Both Japanese economists and economic commentators went on to observe that far too much money was channeled into politicians pet projects, usually in their own backyards resulting in bridges to nowhere, deserted rural highways and under utilized sports stadiums and concert halls. In addition, by massive government spending in these areas, private enterprise becomes squeezed out and eventually withers in a vacuum of opportunity. The economy comes to depend on government sponsored investment rather than private enterprise. Apart from schools, the most lasting investments were considered to be aquariums, museums and other tourist attractions because they encouraged families to settle in more rural cities, saving them from decline and generating long term employment.

It is interesting to see that Obama’s package does have large tranches of cash lined up for education and health care but what is also clear is that these are very much long term investments. Future generations may come to look at expenditure in these areas and feel their higher taxes (because rest assured we are going to pay for this) are justified by the greater productivity of the American economy they have created. But if anyone is expecting these measures to generate a short term boost they could be disappointed by the impact. Most people are looking at this stimulus package as a short term fix – big investment now and the economy will be back to its normal health in 12-18 months time. But even allowing for the mistakes in Japan’s state stimulus ” timing and focus ” the time taken to recover to strong growth, low unemployment, steadily rising house prices, robust GDP growth, etc, could still be years away. More stimulus packages may be required and most worrying of all the government has repeatedly shied away from tackling the root cause of the problem ” those toxic bank debts.

–Stuart Burns

Comments (3)

  1. LP says:

    The big banks are insolvent. Unfortunately we will have to nationalize them now and hopefully privatize them later. However, this will never happen as the stigma of being “socialist” is too much to bear for the politicians that let this mess unravel. But I think that there is no way around it.

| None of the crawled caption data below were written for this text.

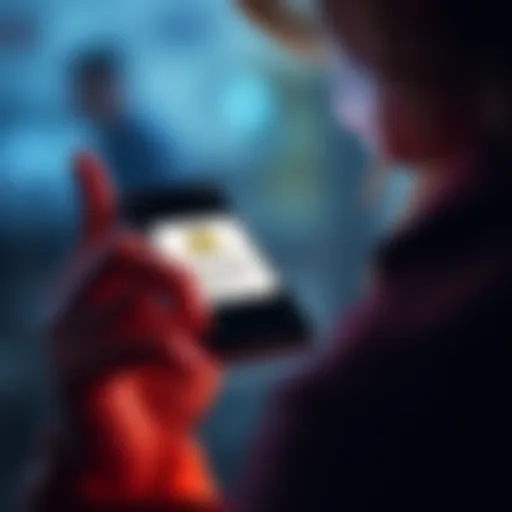 A person looking at a smartphone with a suspicious text message about account issues.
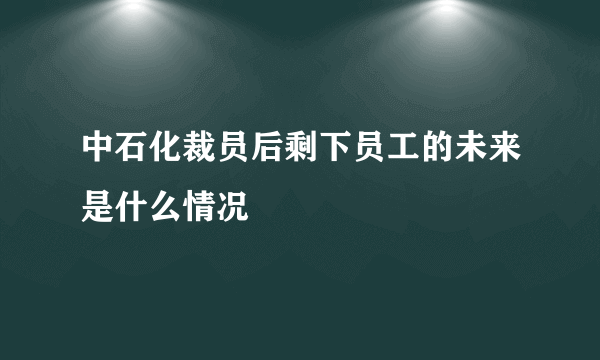 中石化裁员后剩下员工的未来是什么情况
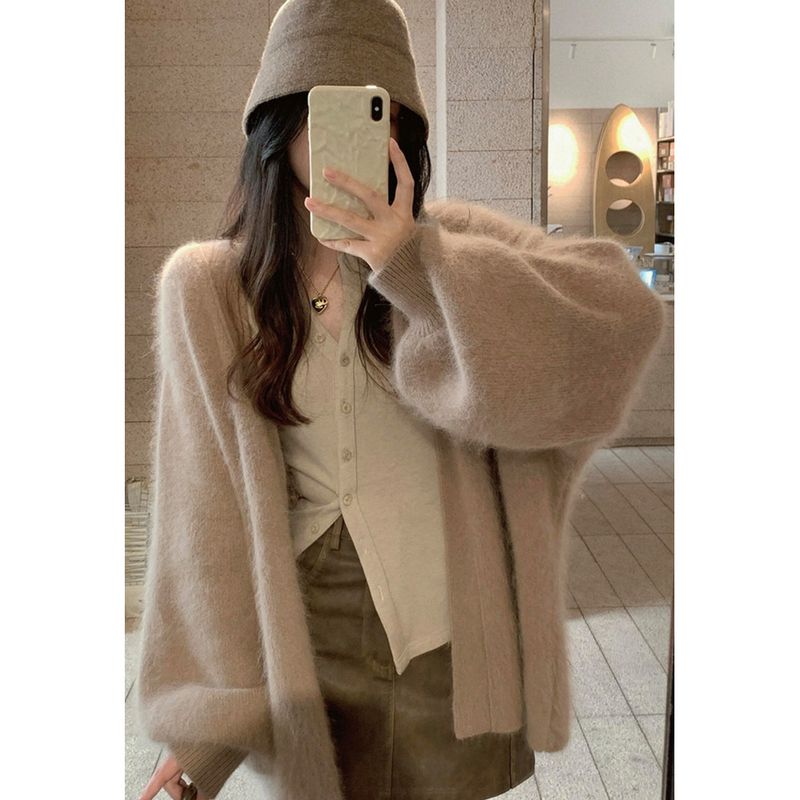 Pull en velours de vison doux et moelleux pour femme, style décontracté et décontracté, sensation haut de gamme, cardigan tricoté pour le printemps, l'automne et_voghion.com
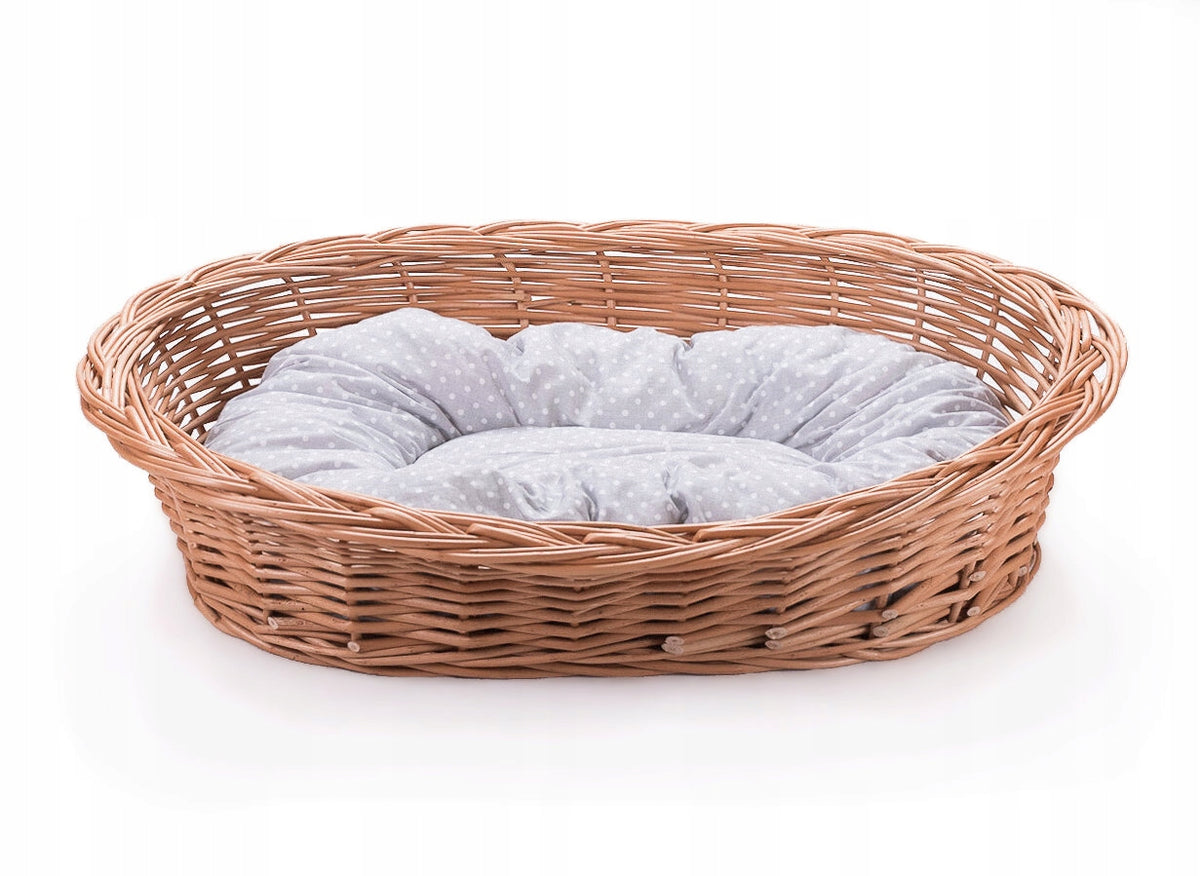 Wiklinowy Świat legowisko dla psa wiklinowe owalne 75 cm z poduszką – rozmiar M, brązowe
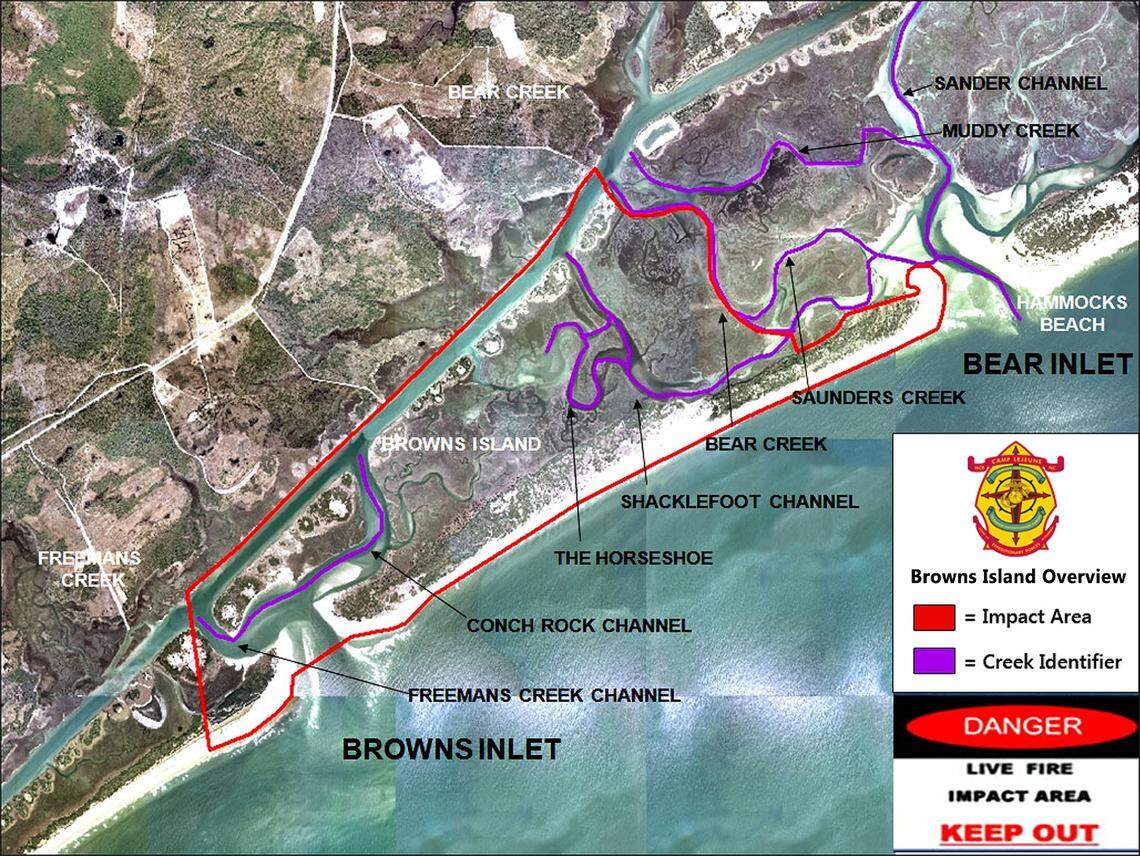 This is the restricted area around Brown's Island off the N.C. Coast.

    During the great depression, toxic assets were bought and held by the gov. However, that move was financed by deposits from the citizens. This time around we would have to borrow 3 to 4 trillion from the likes of China.

    I also think one party is way off base with Tax cuts and the other is not focusing on the root cause of the problem. But I do agree, this investment will lead to a higher inflation in the mid run and a new bull market in 6 to 8 years. However, the stimulus may do nothing in the short run.